Exercise prompt: Word for word, and with pictures excluded, copy out all the records that follow.

The data:

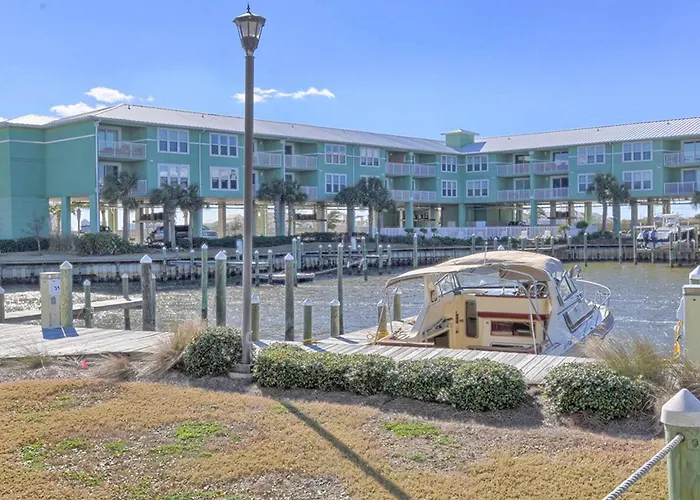 Waterfront W Balcony Boat Slip Shared Hot Tubs Pools * Gulf Shores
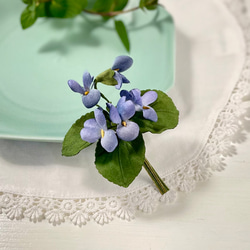 布花かれんな野すみれのブーケコサージュ 6枚目の画像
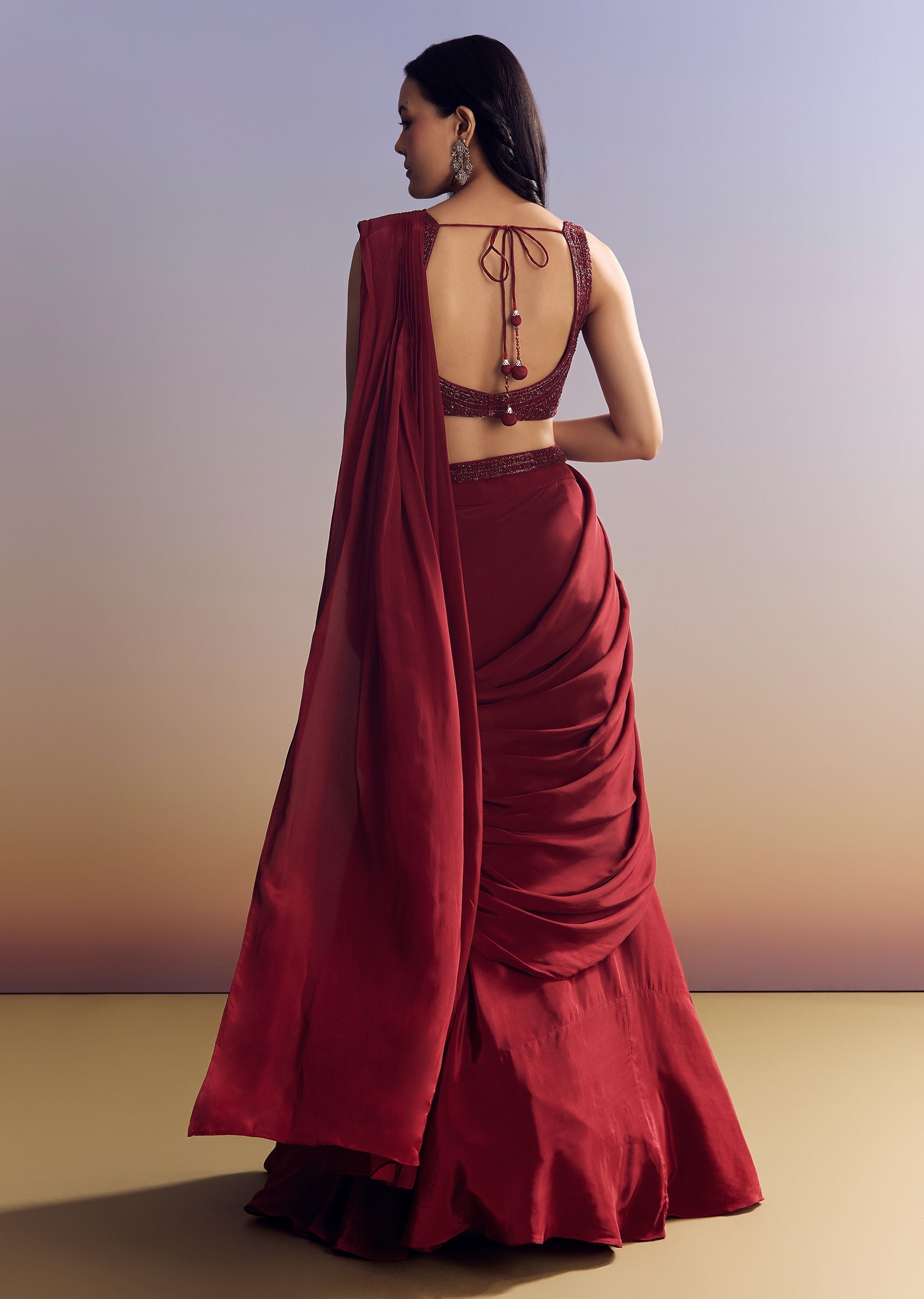 red-lehenga-set-with-cut-dana-blouse-and-net-dupatta-sg319637-5_0ae02106-863c-4f6d-9a93-7ea70cd4325a.jpg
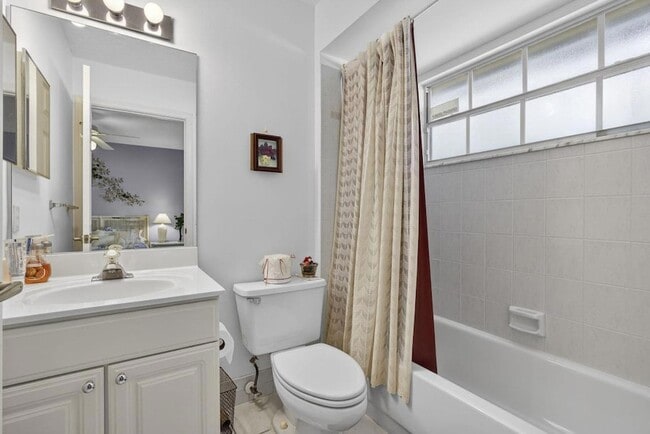 Building Photo - 1940 S Club Dr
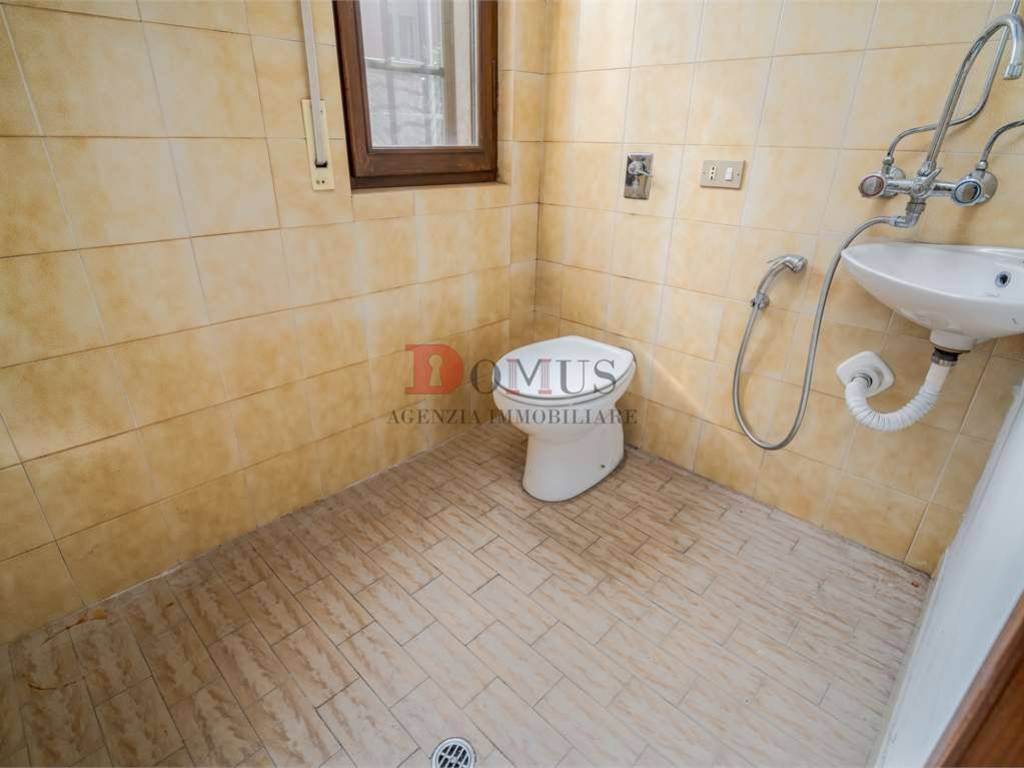 Bagno negozio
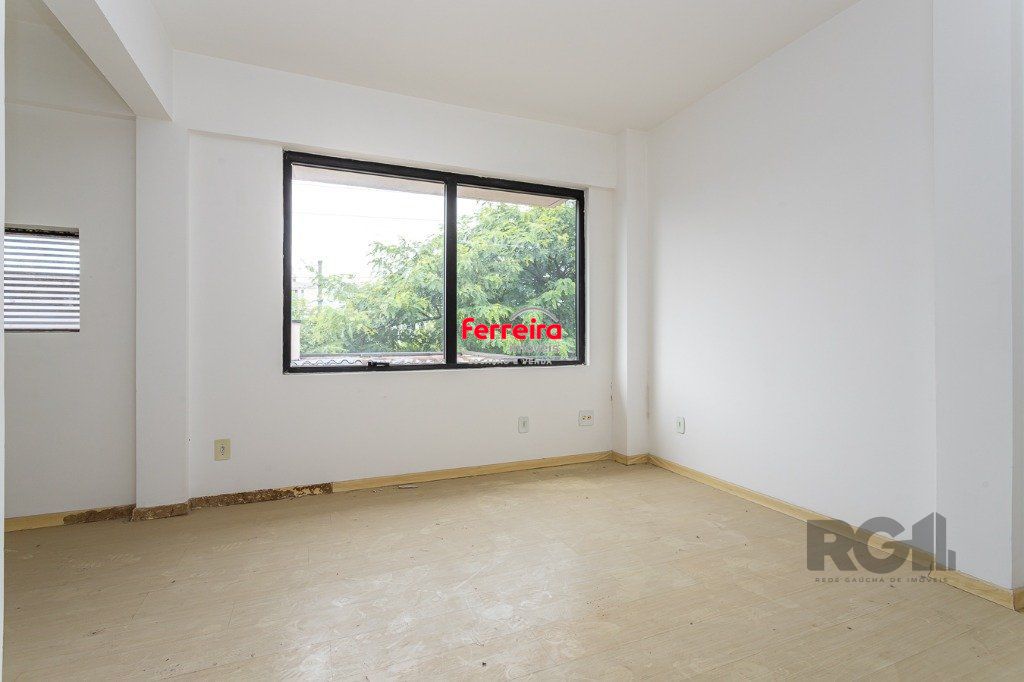 Sala Comercial no Menino Deus desocupada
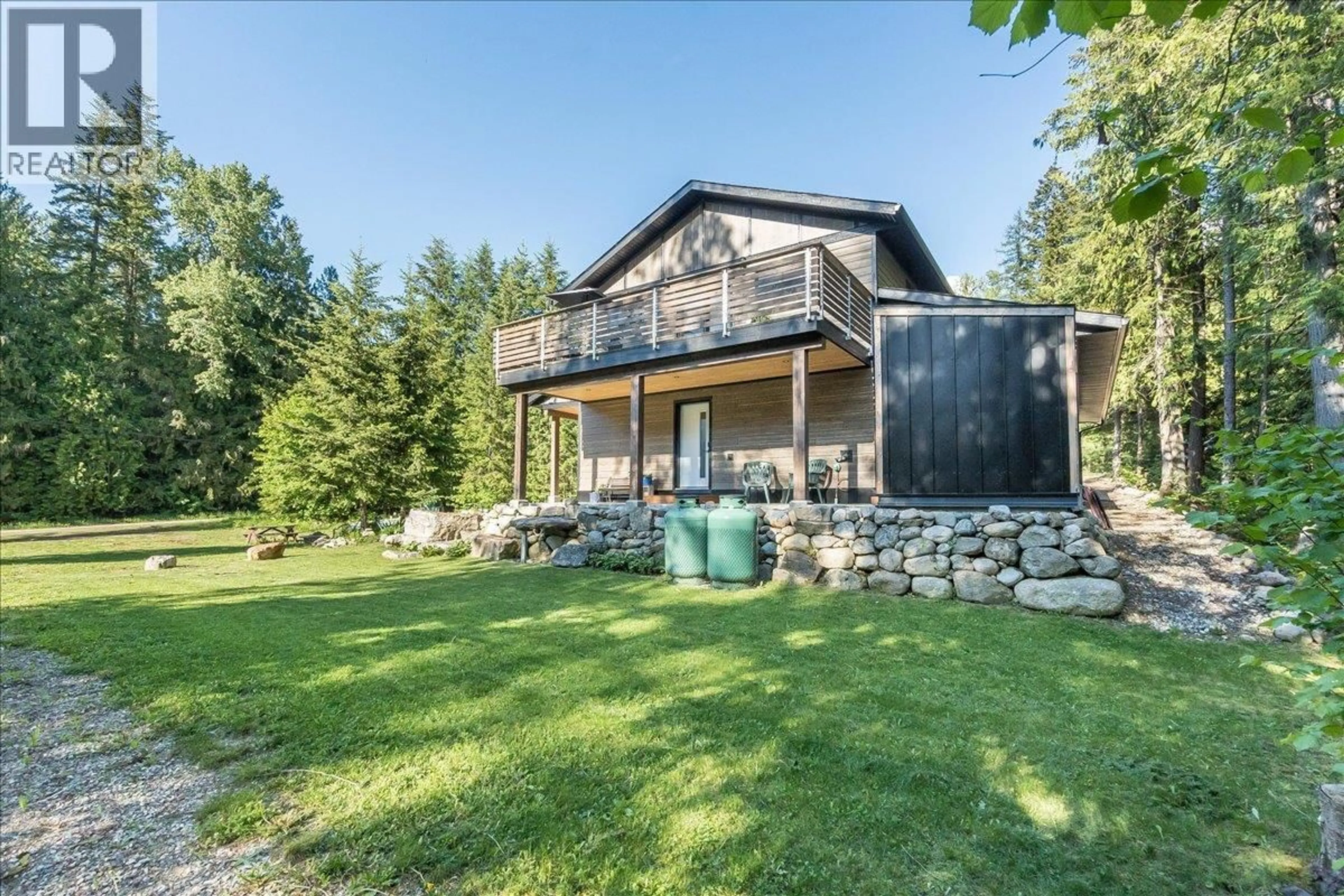 Patio, water/lake/river/ocean view for 809 SLOCAN STREET, Slocan British Columbia V0G2C0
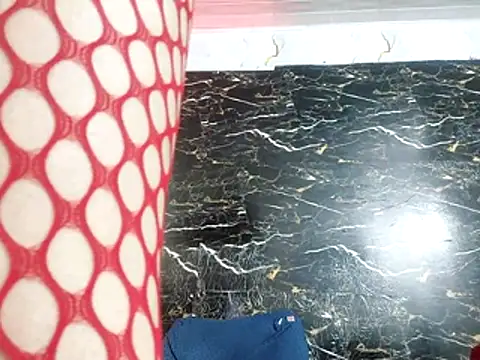 crislingery_dolli webcam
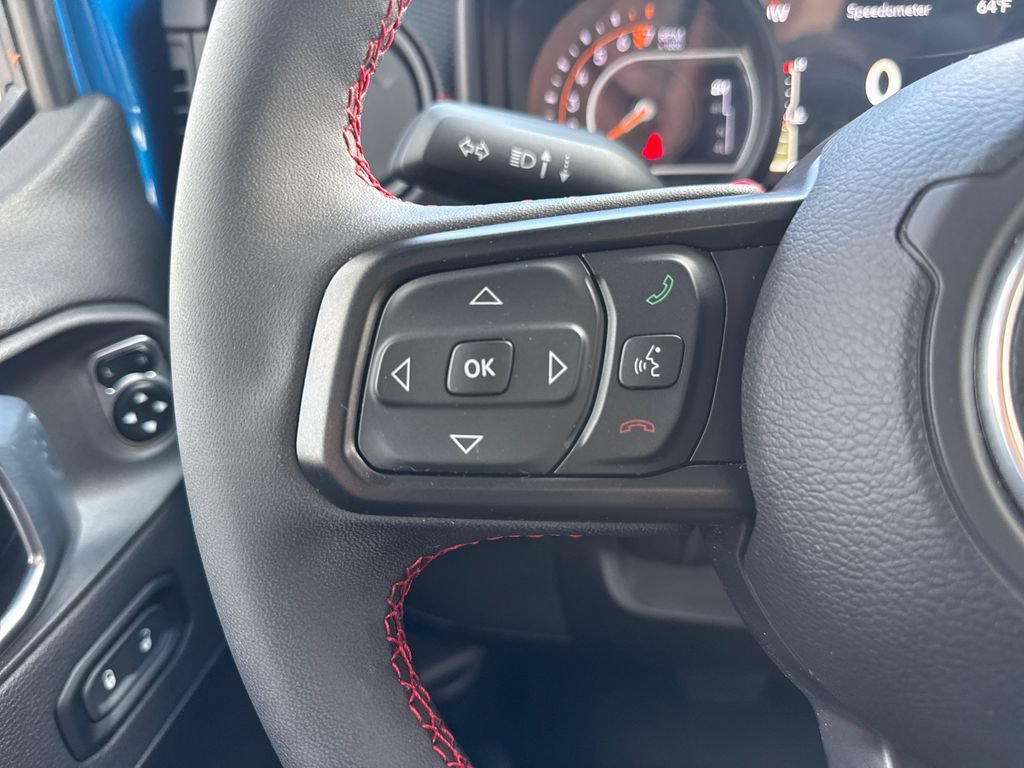 Used 2024 Jeep Gladiator Rubicon w/ Technology Group AWD/4WD image 16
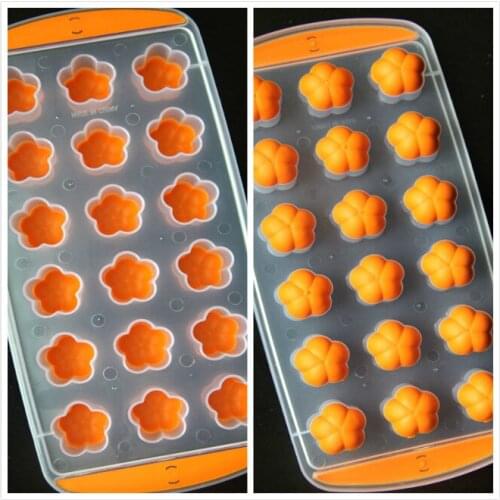 New Arrive Safety envirement cretive fruit and lips designs silicone ice mould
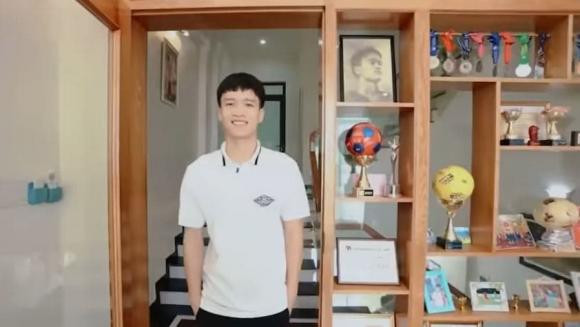 Trong nhà trưng bày nhiều thành tích trong sự nghiệp của nam tiền vệ suốt thời gian qua. Ảnh chụp màn hình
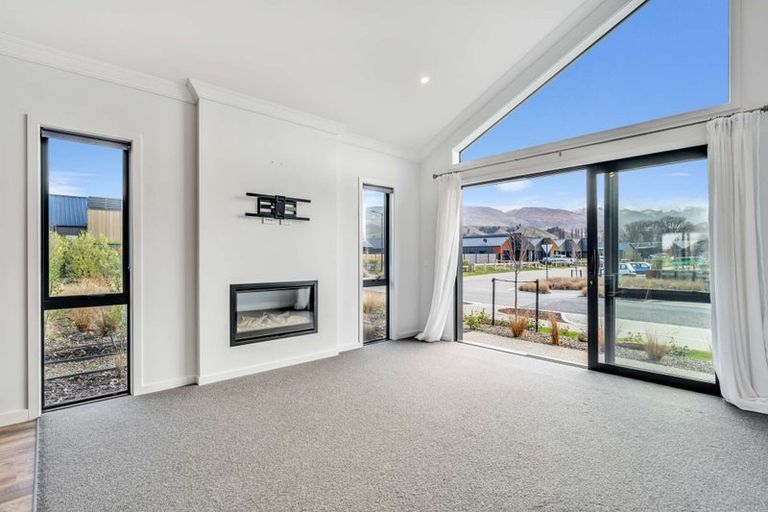 Photo of property in 24 Bragato Way, Cromwell, 9310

Written answer:
 Waterfront W Balcony Boat Slip Shared Hot Tubs Pools * Gulf Shores
 布花かれんな野すみれのブーケコサージュ 6枚目の画像
 red-lehenga-set-with-cut-dana-blouse-and-net-dupatta-sg319637-5_0ae02106-863c-4f6d-9a93-7ea70cd4325a.jpg
 Building Photo - 1940 S Club Dr
 Bagno negozio
 Sala Comercial no Menino Deus desocupada
 Patio, water/lake/river/ocean view for 809 SLOCAN STREET, Slocan British Columbia V0G2C0
 crislingery_dolli webcam
 Used 2024 Jeep Gladiator Rubicon w/ Technology Group AWD/4WD image 16
 New Arrive Safety envirement cretive fruit and lips designs silicone ice mould
 Trong nhà trưng bày nhiều thành tích trong sự nghiệp của nam tiền vệ suốt thời gian qua. Ảnh chụp màn hình
 Photo of property in 24 Bragato Way, Cromwell, 9310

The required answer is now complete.